Does your extreme scenario hold up after birth? Should it be legal for a 9 year-old mother who was raped to hire someone to kill her born child? I’m pretty sure you wouldn’t extend your logic that far. So then what is the key moral difference? At some point you must believe that unborn human life is worth considerably less than born human life. Why?

But for the sake of discussion, let’s indulge your anecdotal appeal to emotion and consider the extremely unlikely potential scenario that a 9 year-old in Alabama is raped, becomes pregnant and is denied an abortion because of the “radical” Alabama abortion law. How, in your opinion, do we “fix” the law? Should we specifically allow an exception for 9 year-olds? Of course not; it would have to be more broad than that, wouldn’t it? So where do we draw the line? 10 year old’s. 11?

And this, of course, is the problem. The only “solution” to “fix” the law is a complete exception for anyone who is raped. So the result then is that we are saying – as a society – it’s wrong to kill unborn human life, unless you were raped. It is at least possible to defend that position morally. In my opinion, it’s at least something that is worthy of honest debate. But in this case, the state of Alabama already had that debate and concluded that in their state, they believe it is wrong to kill unborn human life, period, except in cases where the mother’s life is threatened by continuing the pregnancy. I think that’s also a reasonable position to hold. It’s not radical and shouldn’t be characterized as such.

Is that what we want in Alabama or anywhere in the United States?
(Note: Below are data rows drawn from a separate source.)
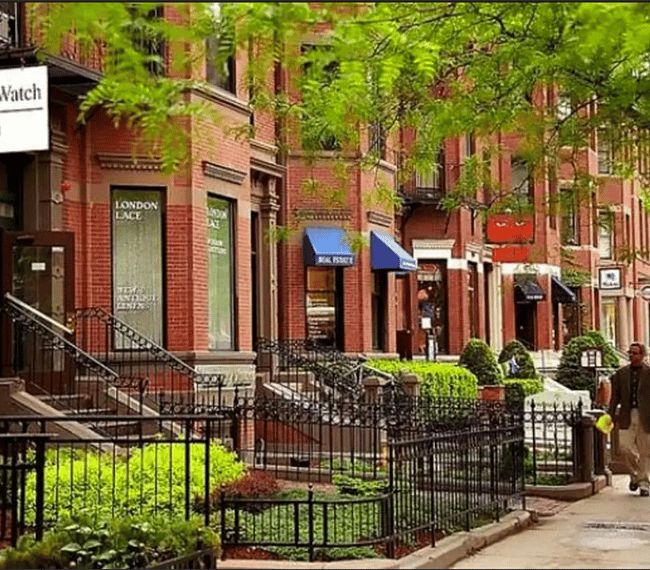 A short walk to the upscale chic shopping and restaurants on Newbury Street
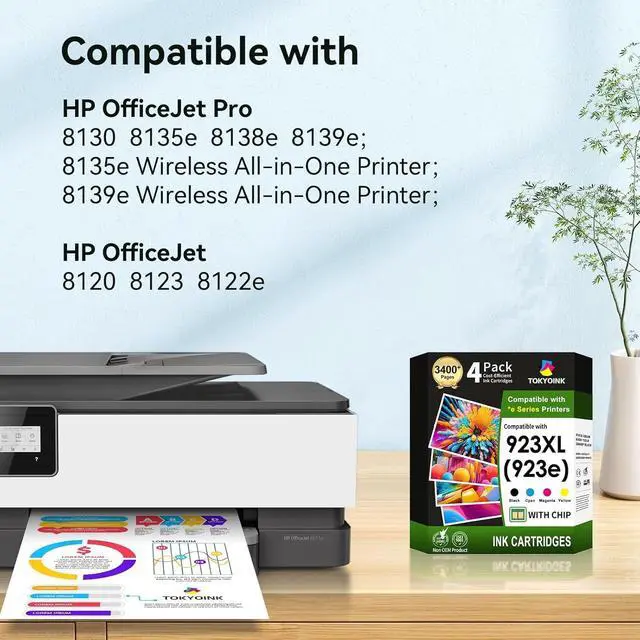 Alt view image 2 of 7 - TOKYOINK 923 923e 923XL Ink Cartridge Combo Pack Replacement for HP 923 Ink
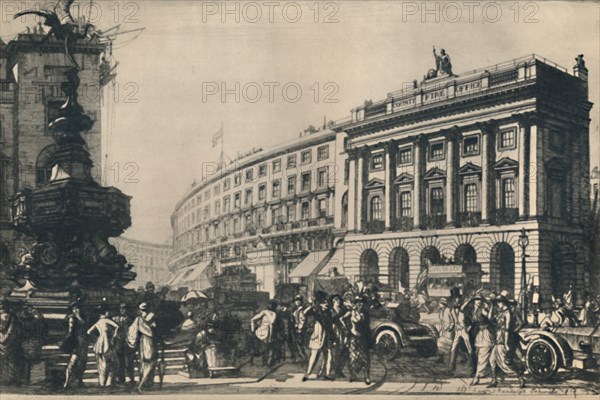 'Piccadilly Circus, looking North', 1927. Creator: Randolph Schwabe.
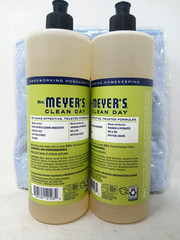 2 Pack – Mrs. Meyer’s Clean Day Dish Soap – Lemon Verbena + 2 Microfiber Cloth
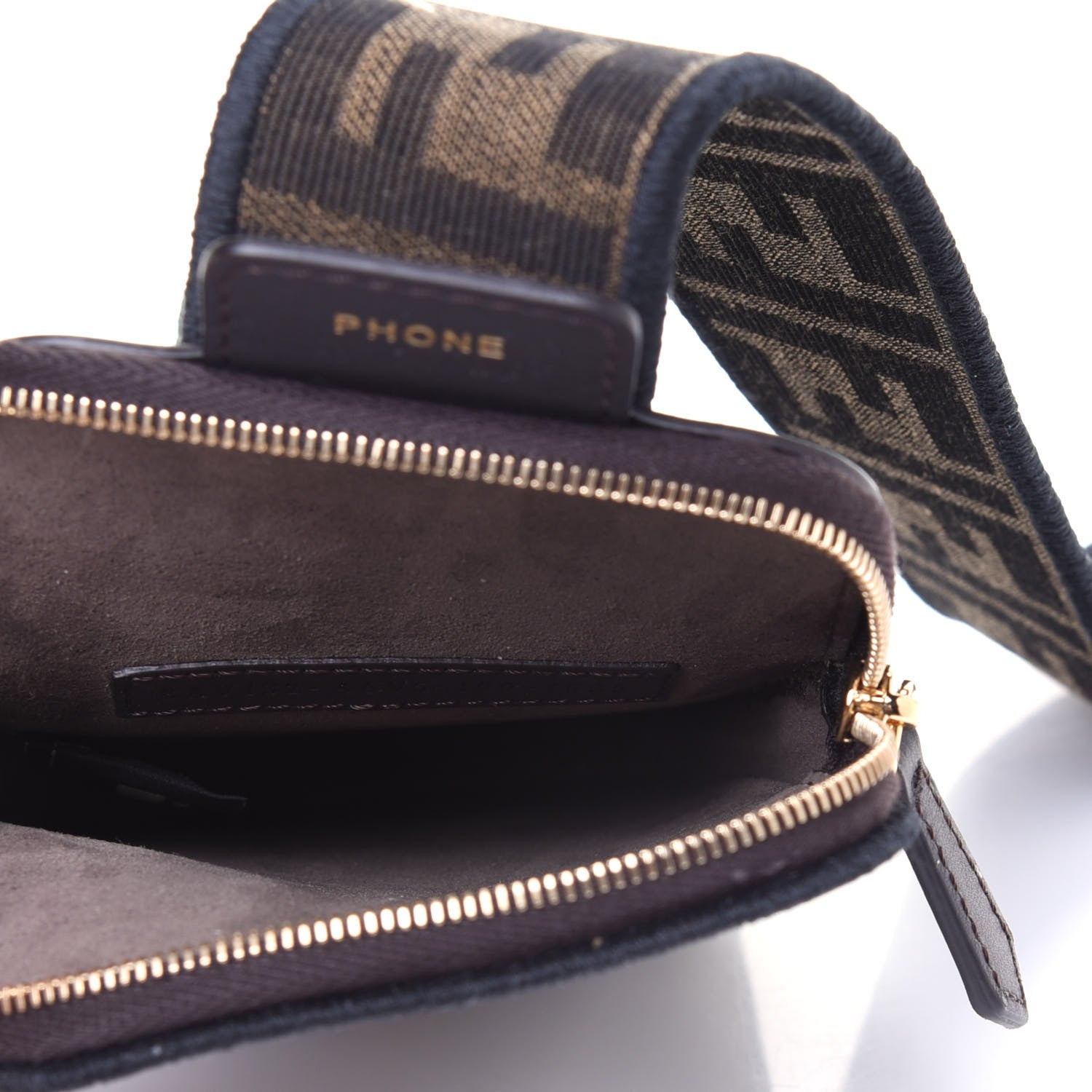 Fendi Fabric Jacquard FF 1974 Cell Pocket Strap You Tobacco Moro Black 5 of 11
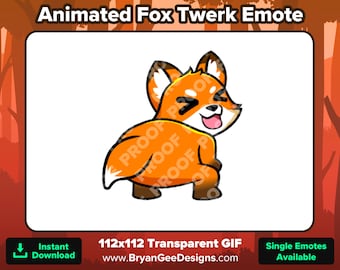 Animated Fox Twerk Emote for Twitch, Discord, Kick, Rumble for Streaming
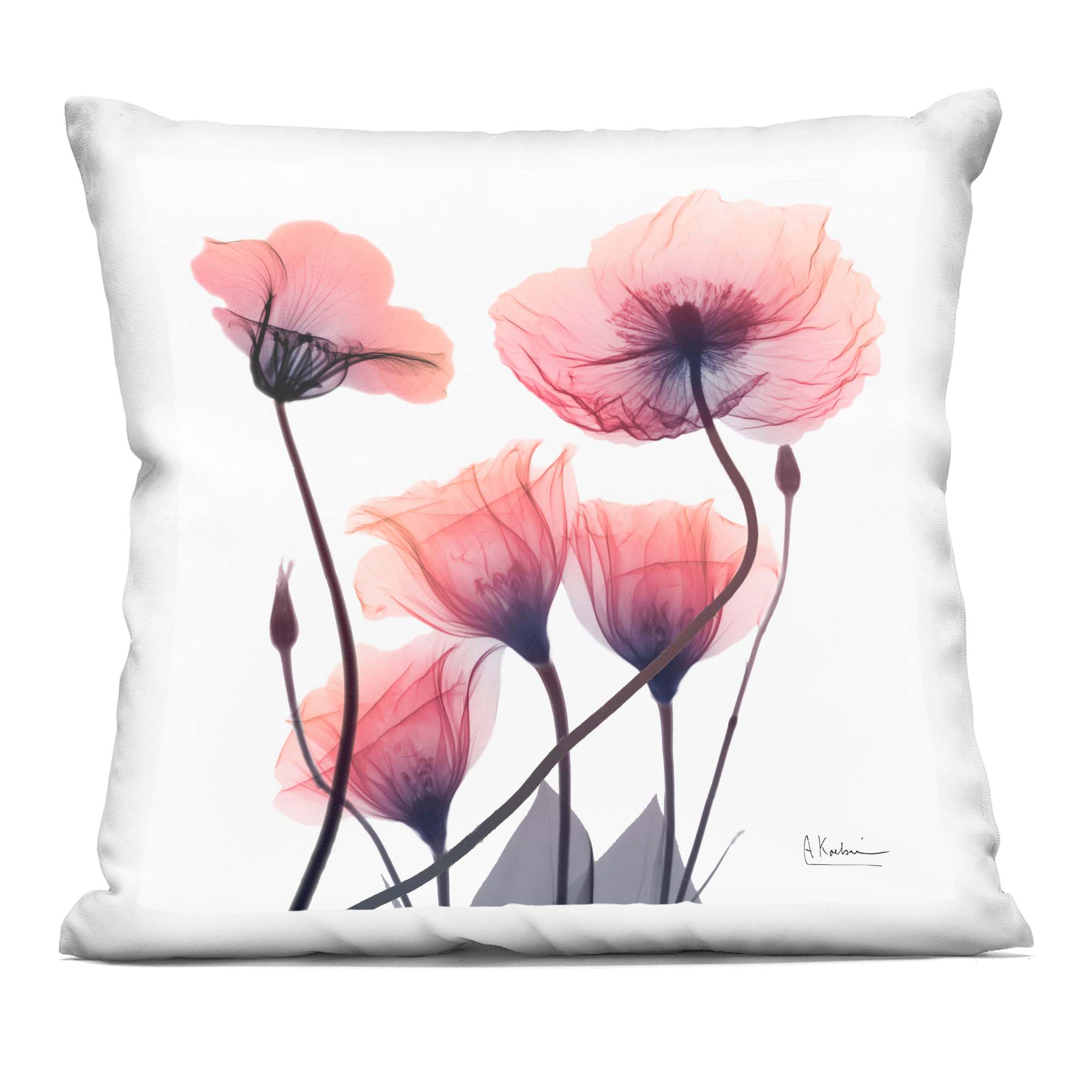 Stupell Industries PLO-724-SQW-18X18 Pink Gradient Blooms Decorative Printed Pillow Design by Albert Koetsier
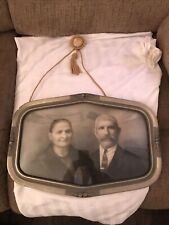 Vintage Wood Silver Dome Frame Man And Laby11x16 picture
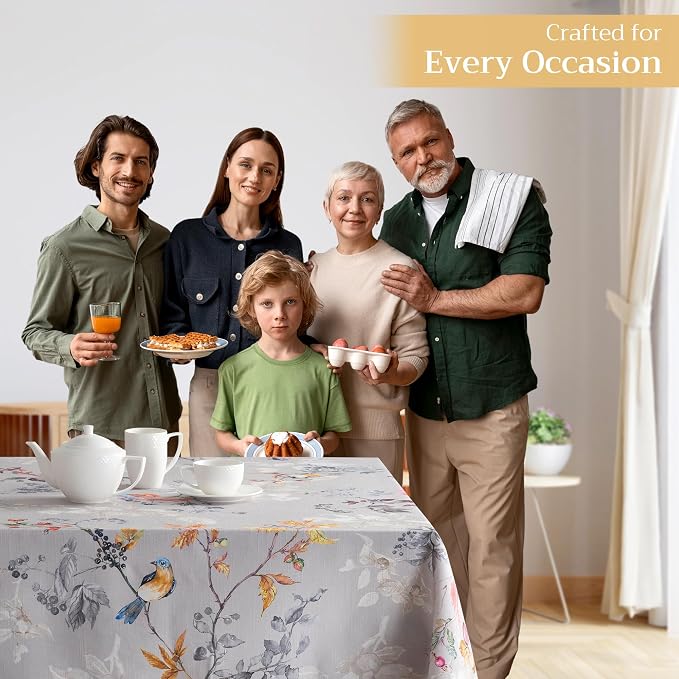 Maison d' Hermine Table Cloth Square Table 100% Cotton 54 x 54 Inches Fall Tablecloth Reusable Everyday Use for Thanksgiving Christmas Decorations Dining Farmhouse Party (Equinoxe - Grey)
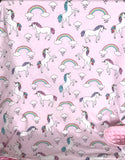 Baby crib Blanket | unicorns and rainbows fabric ~ baby girl pink blanket ~ Cotton minky ~ baby gift ~ 36" infant baby shower gift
Do we want women to resort to their own unsafe methods or travel to other countries to have it done?

Does that really do anything for the pro-life movement, for women, for people in general?

No, it doesn’t.

Again, Tomi, it should be easy to see that this logic totally breaks down if we can simply agree that unborn human life is as valuable as born human life. And if we can’t agree on that, then that’s where we need to have the debate.

You can be pro-life and believe government bans are not the solution.

What happened to safe, legal, and rare?

“Safe, legal and rare” was a mantra created and propagated by liberals until they began to see the inherent contradiction. From the pro-life point of view, no abortion is safe for the unborn human. And if the unborn aren’t alive, or aren’t human, then why should abortions be rare?

That you suggest government bans on abortion are not the solution implies that at some basic level you do not accept that an unborn human is as valuable as a born human – because I’m pretty sure you’re fine with government bans on murder.

The great thing about the conservative movement is that we welcome differences of opinion, or at least we should.

I agree, there should be room for legitimate differences of opinion within the conservative movement but when it comes to the debate over policy that either allows or restricts the destruction of human life, it would seem reasonable that – at the very least – we could agree to err in favor of life.